I turned 50, kicking and screaming just a year ago. It was honestly traumatic. I was working in a job that I hated with a passion, and was not only miserable myself, I was making my entire family beyond miserable.
I had returned to college when I was 45 and in four short years earned a bachelor's and a master's degree. Mind you, I still had three fairly young children at home so it was challenging - but the exciting kind of challenging.

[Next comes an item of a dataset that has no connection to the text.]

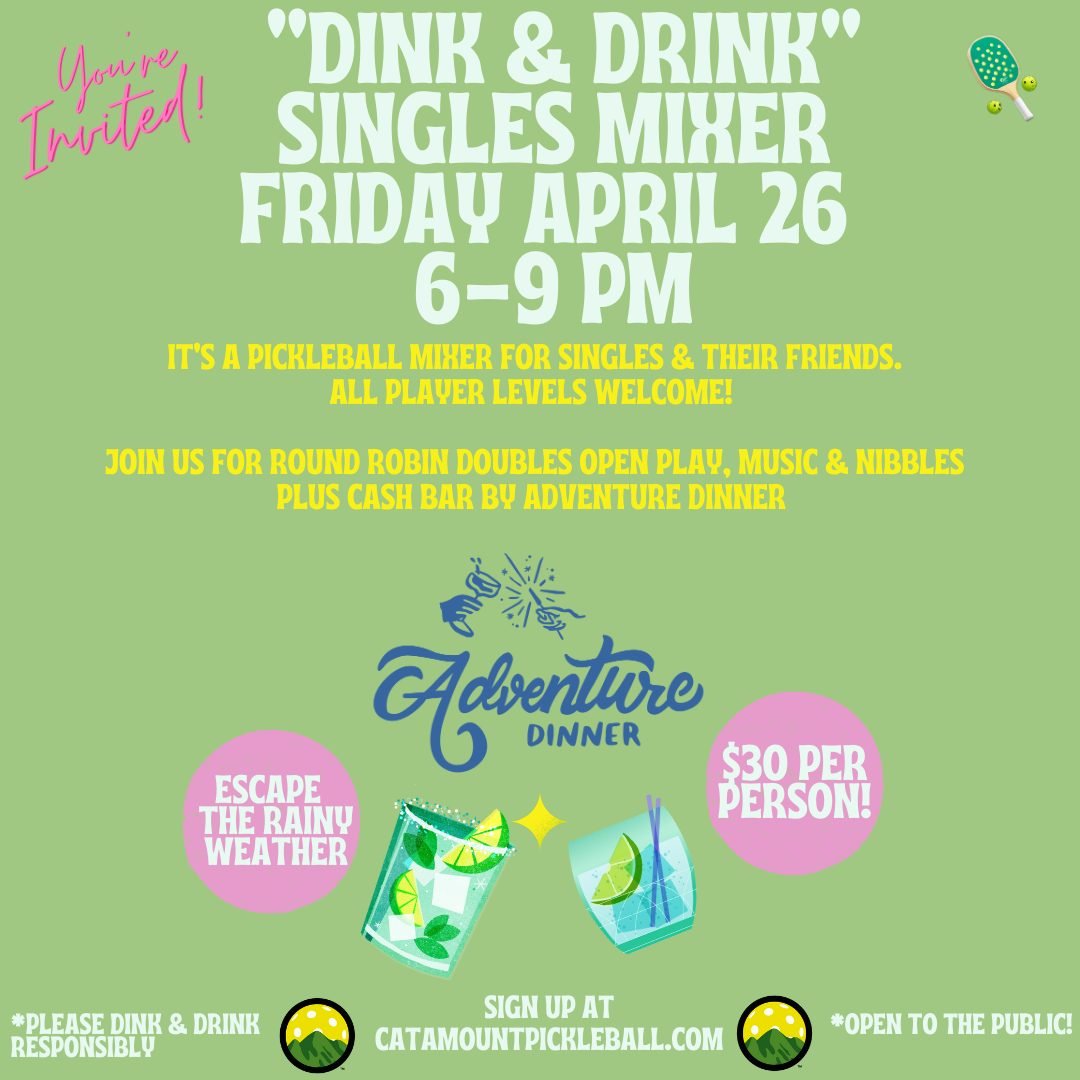 We&rsquo;re having our First Singles mixer Friday April 26th from 6-9pm!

I had always been a small sort of entrepreneur in order to be able to stay home with the kids. Also, since I didn't have enough formal education at that time, I couldn't have found a job that would have paid enough to cover the childcare/clothing/transportation/taxation expenses it would generate. For us, the answer was clear: I would stay home and sell stuff on eBay and raise the kids. During the gravy-days of those pre-2nd-Great Depression years, this worked out fairly well. Not the greatest financial security, but lots of security knowing I really didn't have another option and that the kids would be better for it.
When my mother died abruptly I entered a new phase of my life. My children were all in school full-day and I was in my middle forties. It was time to finish my education. It had always gnawed at me that I didn't have a college education. I felt like in some way I was a terrible example to my children. My husband had a Ph.D. and I was a high-school drop-out. It wasn't hard for me to figure out that at some point in the future my children would look at me and wonder why I was such a slacker.
So, I took the plunge. I went back to my local City College and picked back up where I had left off more than a decade before when I had started having children. I plunged in and had the best four years of my life. I loved school, I loved almost every teacher and assignment. I found out I had a gift for art history and for writing. I spent hundreds of hours on papers because it was pure joy to do the research and then the crafting of my analyses.
I soon transferred to UCR and then after my B.A. to CSUSB for my M.P.A. I was formally, officially educated now, according to two of the largest institutions of education in the world. My kids were now even older, and I was ready to enter the professional market, specifically in the field of Public Administration. I was supposed to walk in with my smoking new degree and my "mature" abilities and land a local city government job in the range of $50K or so, to start. But it was understood that with my abilities I would quickly earn more.
Did I mention that I started my last class of my education in September, 2008? The day of the big WaMu panic and crash. Yep, I got my fancy education completed about four minutes before the Second Great Depression began.